Bupati Siak, Alfedri mengatakan pemanfaatan lahan kosong untuk ditanami tanaman pangan ini juga dapat meningkatkan ekonomi masyarakat dan dapat memenuhi kebutuhan bahan pangan masyarakat selama pandemi Covid-19.
“Kita juga perlu membuat cadangan pangan di masa pandemi Covid 19 ini, pemerintah daerah akan mendorong agar disetiap kampung dan pelosok bisa menanam dan memenuhi sendiri kebutuhan pangan melalui Dinas Pertanian,” sebutnya.
Pemerintah Kabupaten Siak, kata Bupati, juga mempersiapkan program kegiatan untuk meningkatkan cadangan pangan dan ketahanan pangan se-Kabupaten Siak, diantaranya menyiapkan bantuan baik berupa bibit tanaman budidaya berikut sarana dan prasarananya.
“Sebetulnya banyak program-program dan peluangnya ada, tinggal bagaimana program ini dimanfaatkan oleh masyarakat dan petani, karena saat ini sumber pendapatan ekonomi masyarakat tidak hanya bergantung pada budidaya kelapa sawit.

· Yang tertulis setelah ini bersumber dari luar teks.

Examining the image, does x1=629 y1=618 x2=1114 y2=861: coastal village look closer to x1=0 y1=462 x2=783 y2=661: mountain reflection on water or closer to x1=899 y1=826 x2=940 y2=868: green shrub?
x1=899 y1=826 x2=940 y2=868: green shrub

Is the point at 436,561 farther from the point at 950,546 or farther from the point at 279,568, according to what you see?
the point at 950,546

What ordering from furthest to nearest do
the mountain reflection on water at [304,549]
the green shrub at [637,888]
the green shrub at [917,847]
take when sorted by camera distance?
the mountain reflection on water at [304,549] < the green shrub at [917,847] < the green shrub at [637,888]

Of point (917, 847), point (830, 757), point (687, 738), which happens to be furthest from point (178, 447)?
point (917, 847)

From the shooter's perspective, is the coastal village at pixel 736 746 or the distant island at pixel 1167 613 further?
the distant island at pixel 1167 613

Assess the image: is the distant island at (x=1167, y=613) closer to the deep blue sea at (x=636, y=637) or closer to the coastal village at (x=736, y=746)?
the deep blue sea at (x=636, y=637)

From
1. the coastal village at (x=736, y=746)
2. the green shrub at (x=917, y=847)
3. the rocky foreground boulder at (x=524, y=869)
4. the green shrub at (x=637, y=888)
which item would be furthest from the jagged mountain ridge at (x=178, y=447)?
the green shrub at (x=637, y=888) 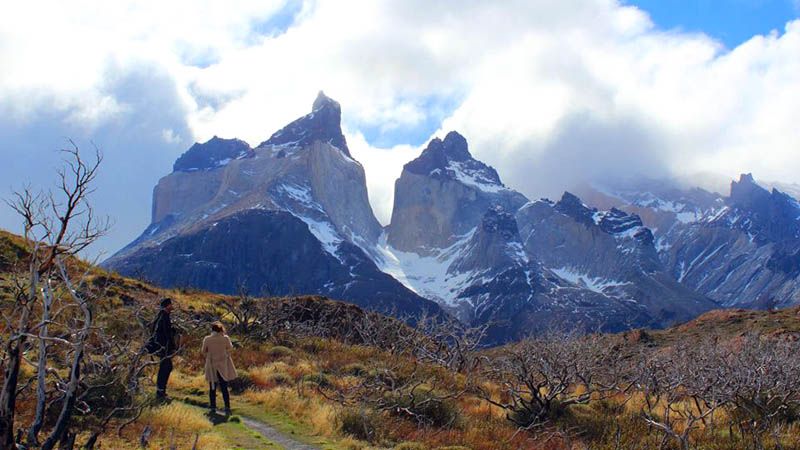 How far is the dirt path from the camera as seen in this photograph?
38.1ft

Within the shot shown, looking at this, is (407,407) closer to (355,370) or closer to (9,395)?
(355,370)

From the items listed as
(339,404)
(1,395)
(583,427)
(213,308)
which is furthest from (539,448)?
(213,308)

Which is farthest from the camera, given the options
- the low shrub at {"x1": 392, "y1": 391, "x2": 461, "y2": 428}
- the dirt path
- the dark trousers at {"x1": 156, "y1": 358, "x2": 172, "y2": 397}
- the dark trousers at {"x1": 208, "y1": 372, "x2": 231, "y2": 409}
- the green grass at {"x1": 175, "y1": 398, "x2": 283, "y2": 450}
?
the dark trousers at {"x1": 156, "y1": 358, "x2": 172, "y2": 397}

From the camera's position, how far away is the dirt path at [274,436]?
38.1 ft

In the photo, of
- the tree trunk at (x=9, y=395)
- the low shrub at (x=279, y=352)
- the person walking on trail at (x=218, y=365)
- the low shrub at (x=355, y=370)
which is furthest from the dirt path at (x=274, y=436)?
the low shrub at (x=279, y=352)

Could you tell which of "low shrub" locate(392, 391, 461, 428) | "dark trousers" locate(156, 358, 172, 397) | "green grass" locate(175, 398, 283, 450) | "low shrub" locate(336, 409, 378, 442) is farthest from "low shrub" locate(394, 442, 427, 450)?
"dark trousers" locate(156, 358, 172, 397)

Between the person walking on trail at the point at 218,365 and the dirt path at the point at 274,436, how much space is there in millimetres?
824

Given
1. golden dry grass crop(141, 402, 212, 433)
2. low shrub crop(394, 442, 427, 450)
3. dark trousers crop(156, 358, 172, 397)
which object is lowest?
low shrub crop(394, 442, 427, 450)

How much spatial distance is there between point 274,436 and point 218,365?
2893mm

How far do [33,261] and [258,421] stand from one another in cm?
713

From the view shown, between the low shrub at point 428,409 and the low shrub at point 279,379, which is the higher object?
the low shrub at point 279,379

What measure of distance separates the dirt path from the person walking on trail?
32.4 inches

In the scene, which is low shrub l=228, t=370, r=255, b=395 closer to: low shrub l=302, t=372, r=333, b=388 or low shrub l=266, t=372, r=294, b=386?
low shrub l=266, t=372, r=294, b=386

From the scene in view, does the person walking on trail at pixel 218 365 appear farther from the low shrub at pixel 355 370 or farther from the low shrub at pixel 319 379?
the low shrub at pixel 355 370
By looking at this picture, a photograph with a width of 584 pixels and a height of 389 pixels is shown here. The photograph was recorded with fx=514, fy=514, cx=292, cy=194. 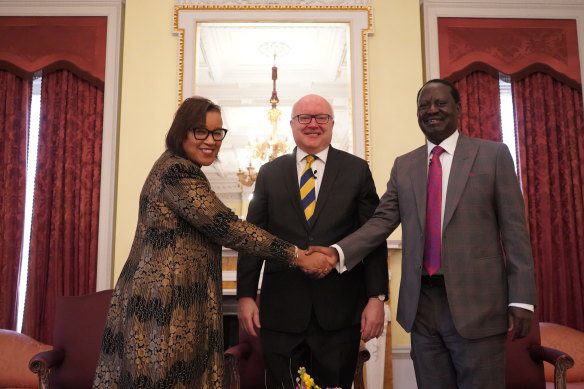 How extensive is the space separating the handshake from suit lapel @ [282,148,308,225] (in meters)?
0.19

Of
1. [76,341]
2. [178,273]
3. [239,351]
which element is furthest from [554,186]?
[76,341]

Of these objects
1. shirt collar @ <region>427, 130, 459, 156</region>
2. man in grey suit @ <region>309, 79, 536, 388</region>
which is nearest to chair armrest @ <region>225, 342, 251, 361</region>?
man in grey suit @ <region>309, 79, 536, 388</region>

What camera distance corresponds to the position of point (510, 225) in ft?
6.02

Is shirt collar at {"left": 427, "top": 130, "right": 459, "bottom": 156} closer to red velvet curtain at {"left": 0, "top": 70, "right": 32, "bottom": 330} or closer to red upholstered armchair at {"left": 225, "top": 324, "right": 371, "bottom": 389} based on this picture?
red upholstered armchair at {"left": 225, "top": 324, "right": 371, "bottom": 389}

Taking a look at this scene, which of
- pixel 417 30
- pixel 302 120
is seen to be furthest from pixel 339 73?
pixel 302 120

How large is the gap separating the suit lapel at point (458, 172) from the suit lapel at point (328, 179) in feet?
1.65

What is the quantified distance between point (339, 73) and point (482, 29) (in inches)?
48.7

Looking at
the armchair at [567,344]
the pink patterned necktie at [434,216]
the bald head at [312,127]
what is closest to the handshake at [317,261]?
the pink patterned necktie at [434,216]

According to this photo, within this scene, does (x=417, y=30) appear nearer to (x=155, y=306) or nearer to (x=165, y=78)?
(x=165, y=78)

Hasil tanaman pangan dan hotikultura atau palawija sekalipun, jauh lebih banyak hasilnya daripada kelapa sawit dalam hitungan per hektarnya,” ujarnya.
Tadi, kata Alfedri, Kelompok Taruna Tani Jaya Agung, yang berlokasi di area Komplek Perkantoran Tanjung Agung sudah menunjukan upaya optimalisasi pemanfaatan lahan dalam upaya mewujudkan ketahanan pangan, serta meningkatkan ekonomi masyarakat di Kelurahan Sungai Mempura Kabupaten Siak.

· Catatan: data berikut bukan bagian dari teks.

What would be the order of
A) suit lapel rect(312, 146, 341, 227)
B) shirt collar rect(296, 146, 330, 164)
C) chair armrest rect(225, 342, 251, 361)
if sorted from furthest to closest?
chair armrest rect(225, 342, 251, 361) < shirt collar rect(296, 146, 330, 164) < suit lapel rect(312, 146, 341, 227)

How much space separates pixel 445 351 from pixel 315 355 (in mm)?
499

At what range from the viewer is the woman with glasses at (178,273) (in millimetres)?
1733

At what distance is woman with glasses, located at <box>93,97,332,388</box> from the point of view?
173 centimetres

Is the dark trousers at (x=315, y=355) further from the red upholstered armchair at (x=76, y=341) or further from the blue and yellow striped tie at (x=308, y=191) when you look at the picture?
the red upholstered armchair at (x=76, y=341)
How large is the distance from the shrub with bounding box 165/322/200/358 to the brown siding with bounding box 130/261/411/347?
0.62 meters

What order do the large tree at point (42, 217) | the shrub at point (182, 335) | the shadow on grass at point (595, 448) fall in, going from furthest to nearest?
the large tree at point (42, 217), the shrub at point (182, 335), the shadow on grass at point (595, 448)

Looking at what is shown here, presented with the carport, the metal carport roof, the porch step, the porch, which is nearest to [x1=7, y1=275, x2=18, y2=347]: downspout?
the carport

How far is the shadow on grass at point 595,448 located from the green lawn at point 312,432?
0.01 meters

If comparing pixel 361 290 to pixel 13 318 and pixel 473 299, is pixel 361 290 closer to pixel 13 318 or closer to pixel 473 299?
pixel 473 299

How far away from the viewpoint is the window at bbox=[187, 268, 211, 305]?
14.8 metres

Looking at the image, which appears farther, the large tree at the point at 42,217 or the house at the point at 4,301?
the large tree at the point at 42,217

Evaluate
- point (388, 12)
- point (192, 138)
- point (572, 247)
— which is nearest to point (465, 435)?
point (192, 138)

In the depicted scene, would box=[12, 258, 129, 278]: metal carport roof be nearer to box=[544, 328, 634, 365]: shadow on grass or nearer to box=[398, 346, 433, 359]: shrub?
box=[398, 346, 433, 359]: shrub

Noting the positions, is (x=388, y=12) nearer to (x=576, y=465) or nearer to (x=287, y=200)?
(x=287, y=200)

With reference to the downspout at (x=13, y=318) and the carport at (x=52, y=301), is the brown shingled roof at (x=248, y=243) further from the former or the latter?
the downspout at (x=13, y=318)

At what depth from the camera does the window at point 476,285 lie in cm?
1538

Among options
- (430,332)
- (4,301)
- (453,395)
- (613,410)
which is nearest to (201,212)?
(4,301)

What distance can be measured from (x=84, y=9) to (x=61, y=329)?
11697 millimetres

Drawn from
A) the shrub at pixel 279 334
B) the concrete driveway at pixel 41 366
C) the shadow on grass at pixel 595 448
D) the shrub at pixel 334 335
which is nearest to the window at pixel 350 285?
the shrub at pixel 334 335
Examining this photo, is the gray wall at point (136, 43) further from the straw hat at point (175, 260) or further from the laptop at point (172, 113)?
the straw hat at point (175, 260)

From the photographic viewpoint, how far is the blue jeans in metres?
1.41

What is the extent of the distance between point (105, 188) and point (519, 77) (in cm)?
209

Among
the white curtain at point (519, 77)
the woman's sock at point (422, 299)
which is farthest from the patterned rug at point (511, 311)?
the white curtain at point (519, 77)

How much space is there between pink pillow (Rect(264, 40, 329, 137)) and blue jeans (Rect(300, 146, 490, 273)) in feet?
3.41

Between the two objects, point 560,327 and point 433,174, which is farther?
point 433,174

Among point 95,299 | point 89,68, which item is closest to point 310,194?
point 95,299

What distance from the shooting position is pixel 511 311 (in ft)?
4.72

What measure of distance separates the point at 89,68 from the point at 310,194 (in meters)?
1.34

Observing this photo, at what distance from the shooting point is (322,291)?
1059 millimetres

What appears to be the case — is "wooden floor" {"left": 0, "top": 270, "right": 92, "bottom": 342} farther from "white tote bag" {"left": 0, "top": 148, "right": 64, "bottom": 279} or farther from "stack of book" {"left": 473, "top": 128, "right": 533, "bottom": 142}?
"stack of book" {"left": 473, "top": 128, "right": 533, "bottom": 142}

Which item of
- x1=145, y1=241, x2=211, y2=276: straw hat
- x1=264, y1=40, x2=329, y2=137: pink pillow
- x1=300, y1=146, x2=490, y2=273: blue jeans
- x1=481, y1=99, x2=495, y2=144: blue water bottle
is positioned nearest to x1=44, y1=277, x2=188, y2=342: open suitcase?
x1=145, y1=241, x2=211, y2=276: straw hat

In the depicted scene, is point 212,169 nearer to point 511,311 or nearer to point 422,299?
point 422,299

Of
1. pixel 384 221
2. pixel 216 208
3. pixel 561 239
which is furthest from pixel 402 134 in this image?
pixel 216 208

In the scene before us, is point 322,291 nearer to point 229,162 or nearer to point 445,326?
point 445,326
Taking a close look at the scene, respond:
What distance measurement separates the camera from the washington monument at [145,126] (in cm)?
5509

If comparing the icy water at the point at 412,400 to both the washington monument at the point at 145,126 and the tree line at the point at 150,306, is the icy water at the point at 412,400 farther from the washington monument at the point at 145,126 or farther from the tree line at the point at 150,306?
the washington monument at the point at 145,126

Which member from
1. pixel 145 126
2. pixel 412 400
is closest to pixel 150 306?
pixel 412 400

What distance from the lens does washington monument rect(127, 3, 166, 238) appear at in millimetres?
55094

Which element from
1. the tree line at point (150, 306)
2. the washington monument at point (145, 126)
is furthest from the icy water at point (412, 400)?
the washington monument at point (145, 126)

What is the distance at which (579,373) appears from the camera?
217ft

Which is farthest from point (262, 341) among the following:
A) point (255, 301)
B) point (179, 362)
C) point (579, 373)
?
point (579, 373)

“Bahkan tadi kita ikut melakukan Tanam Perdana secara simbolis tanaman semangka tumpang sari dengan sayuran,” kata Alfedri didampingi Penjabat Sekda Siak Jamaluddin, Asisten Pemkesra Budi Yuwono, Kepala Dinas Pertanian Kabupaten Siak Budiman Shafari, Ketua Tim Penggerak PKK Rasidah Alfedri beserta pengurus, Camat Mempura Desi Fefianti.
Sementara Ketua Kelompok Taruna Tani Jaya Agung Abdul Rasyid melaporkan, gerakan menanam ini merupakan upaya mengembangkan dan meningkatkan sektor perekonomian dari pertanian di Kelurahan Sungai Mempura.

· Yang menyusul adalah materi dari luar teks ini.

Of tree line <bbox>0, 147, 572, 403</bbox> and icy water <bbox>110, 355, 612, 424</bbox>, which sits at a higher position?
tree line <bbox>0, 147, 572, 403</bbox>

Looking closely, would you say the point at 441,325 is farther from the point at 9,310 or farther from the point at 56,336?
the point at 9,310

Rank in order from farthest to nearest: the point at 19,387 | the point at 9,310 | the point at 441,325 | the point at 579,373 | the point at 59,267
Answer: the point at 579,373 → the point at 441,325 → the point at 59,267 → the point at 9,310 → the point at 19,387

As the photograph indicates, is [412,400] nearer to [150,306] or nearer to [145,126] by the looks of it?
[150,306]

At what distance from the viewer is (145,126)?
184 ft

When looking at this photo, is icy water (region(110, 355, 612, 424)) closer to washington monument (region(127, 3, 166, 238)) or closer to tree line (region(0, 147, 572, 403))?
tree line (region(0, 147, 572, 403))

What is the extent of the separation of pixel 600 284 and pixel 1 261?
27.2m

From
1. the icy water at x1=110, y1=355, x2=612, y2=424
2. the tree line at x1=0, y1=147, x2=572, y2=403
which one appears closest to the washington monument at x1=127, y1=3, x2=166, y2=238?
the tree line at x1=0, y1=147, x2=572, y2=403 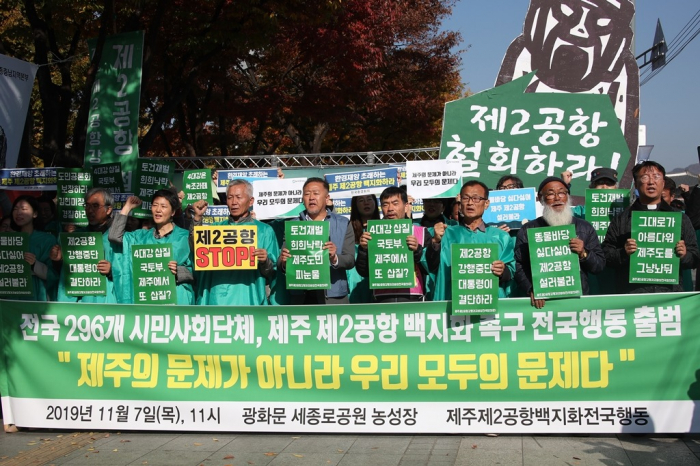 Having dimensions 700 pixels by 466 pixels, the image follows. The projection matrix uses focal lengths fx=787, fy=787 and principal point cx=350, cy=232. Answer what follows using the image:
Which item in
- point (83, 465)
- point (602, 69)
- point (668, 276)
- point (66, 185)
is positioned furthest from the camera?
point (602, 69)

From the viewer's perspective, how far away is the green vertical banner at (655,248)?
5672 millimetres

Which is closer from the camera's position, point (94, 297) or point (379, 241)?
point (379, 241)

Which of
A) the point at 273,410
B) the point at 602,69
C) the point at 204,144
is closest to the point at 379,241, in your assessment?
the point at 273,410

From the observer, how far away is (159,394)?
19.6 ft

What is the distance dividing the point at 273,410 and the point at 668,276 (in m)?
3.05

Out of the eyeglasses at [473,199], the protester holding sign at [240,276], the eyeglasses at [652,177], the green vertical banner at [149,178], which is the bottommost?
the protester holding sign at [240,276]

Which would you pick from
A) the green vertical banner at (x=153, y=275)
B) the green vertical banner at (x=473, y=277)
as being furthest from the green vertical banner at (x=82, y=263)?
the green vertical banner at (x=473, y=277)

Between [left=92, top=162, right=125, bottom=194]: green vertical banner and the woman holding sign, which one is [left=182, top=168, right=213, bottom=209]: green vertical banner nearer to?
[left=92, top=162, right=125, bottom=194]: green vertical banner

“Mengingat di sekitar komplek perkantoran ini kami (kelompok tani) melihat ada lahan yang belum terkelola atau lahan tidur masih banyak. Kami atas kelompok tani ingin mengolah lahan yang kurang lebih 1/4 hektar untuk uji coba. Alhamdulillah kami juga sudah dapat izin pembukaan lahan 3 hektar di situ, dan kami mengharapkan Bapak Bupati berkenan untuk membuka lahan secara simbolis nantinya. Mudahan dengan adanya lahan 3 hektar itu nanti, para pemuda dapat lebih termotivasi untuk kedepannya,” ucapnya.
Karena bantuan pemerintah sudah banyak dan petani dimudahkan dalam melakukan budidaya, ia berharap kedepan semakin banyak kelompok tani dan pemuda tergerak untuk mengelola lahan tidur disekitarnya, sehingga tingkat pengangguran dapat ditekan, angka kriminalitas berkurang, lingkungan juga terkelola dengan baik.
Diakhir acara juga dilaksanakan penyerahan surat sewa guna lahan dari Bupati Siak kepada ketua kelompok tani, dan penyerahan secara simbolis tanaman holtikultura dari Ketua Tim Penggerak PKK kepada perwakilan kelompok tani.
Bantuan tersebut merupakan kerjasama PKK dan Dinas Ketahanan Pangan Kabupaten Siak, dengan jumlah bantuan berupa 500 batang bibit cabe terong ungu dan tomat.